A lesson, learnt the hard way, about buying petrol (gas) in England. Unless you are ostentatiously rich, do not buy at the motorway service stations. Drive a mile off the motorway to a supermarket, and save a lot.
Water in boots can be depressing, especially when you put them on the next morning. Having good quality boots stops the water getting in from deep puddles, but if you're wearing shorts, it comes in through the top very quickly. Boots take a surprisingly long time to dry out. Lesson: wear protective rain trousers when entering zones like Wales...
Welsh words for wind
Finally, you know the Inuit have many words for snow. I can only assume that the same applies in Welsh for the different types of wind. I looked up a few words and was intrigued to see how the words double up as indicators of “frequency”.** For example:
Still/no wind – “dim gwynt” This can also be roughly translated as “once in a blue moon” – so rare that you’ll remember the place/occasion for the rest of your life. Like seeing the snow leopard in the wild or experiencing a total solar eclipse.

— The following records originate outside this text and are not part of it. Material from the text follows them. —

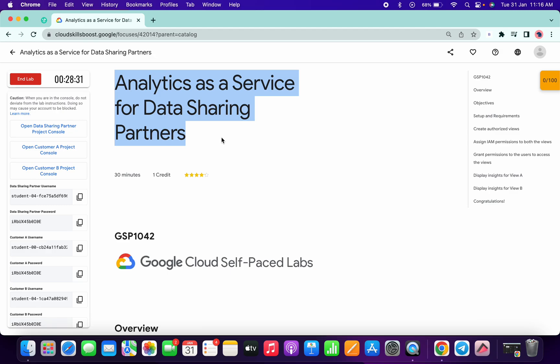Hello guys, welcome back to the channel. This lab is very easy, but if you don't follow the way I am doing the lab, you might get confused. So just follow the way I am completing this lab.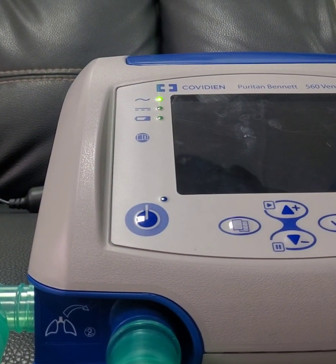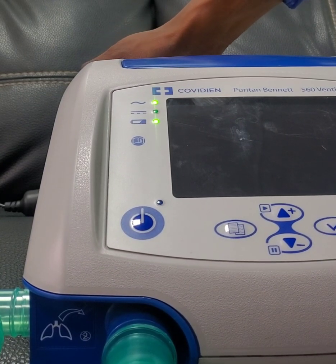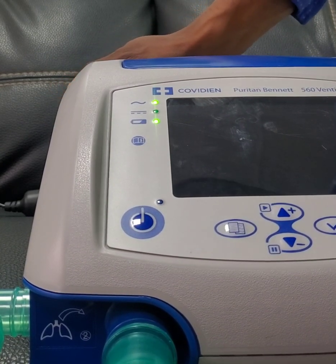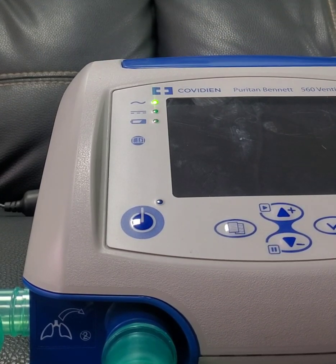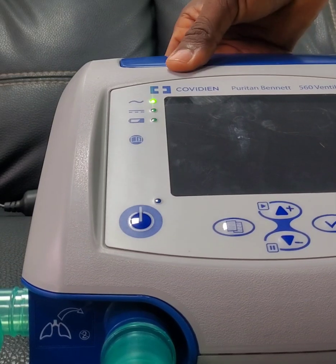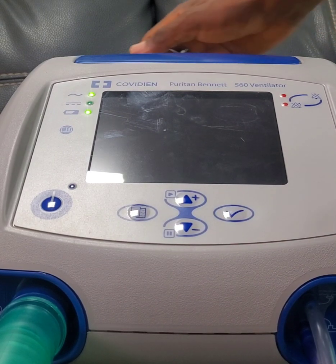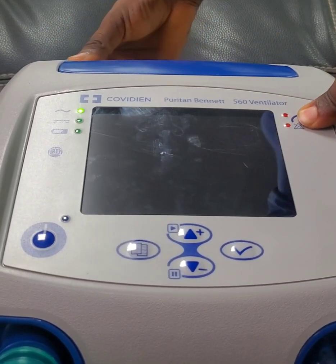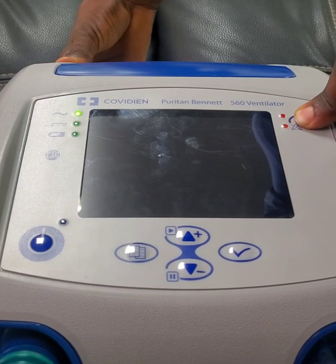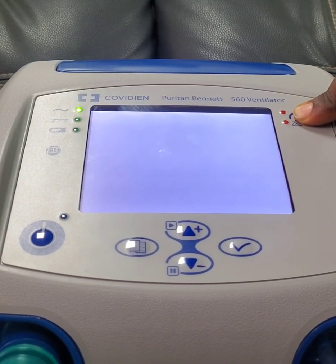Good afternoon, welcome to another PB560 ventilator video. Today we are going to be looking at the setup of this ventilator — the language, the time, the dates, and how to change from pediatric mode to adult mode. If you want to put this in setup mode, you hold on to this alarm button. Hold on to the alarm button when you power it on, then still hold the alarm button.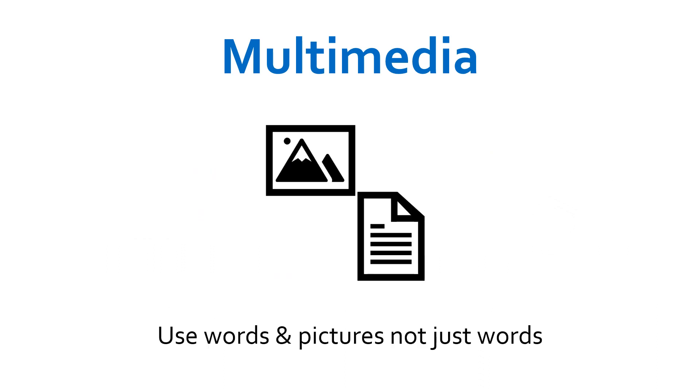Sweller, Ayres, and Kalyuga wrote in 2001: 'Working memory capacity can be effectively increased and learning improved by using a dual-mode presentation.'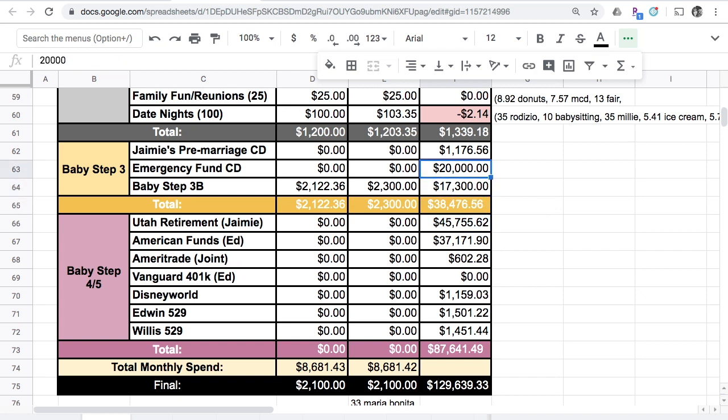Baby step number four is saving for retirement, baby step number five is saving for a kid's college fund. I will know more as the year goes on, but it's nice to have this money set aside for if we do decide to move. And if we don't, we'll just throw it all into our retirement accounts anyway.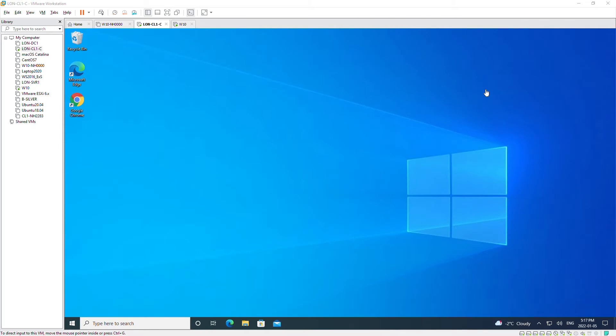Hello everyone. In this video I'm going to show you how to install Hyper-V Manager and then create and manage virtual machines in Hyper-V.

Gentle breeze: “awel ysgafn” Also translatable as a rare occasion to be relished, and where you might struggle to remember the exact date when it happened before, although you’ll remember the place - like the first time you met your partner.
Howling gale: “galeu calon” Regular, normal occurrence. Rather like Mondays, for example. Not to mention Tuesdays, Wednesdays…
** Welsh speakers may not recognize these extended definitions. I ask them to consider them as suggestions as the language evolves.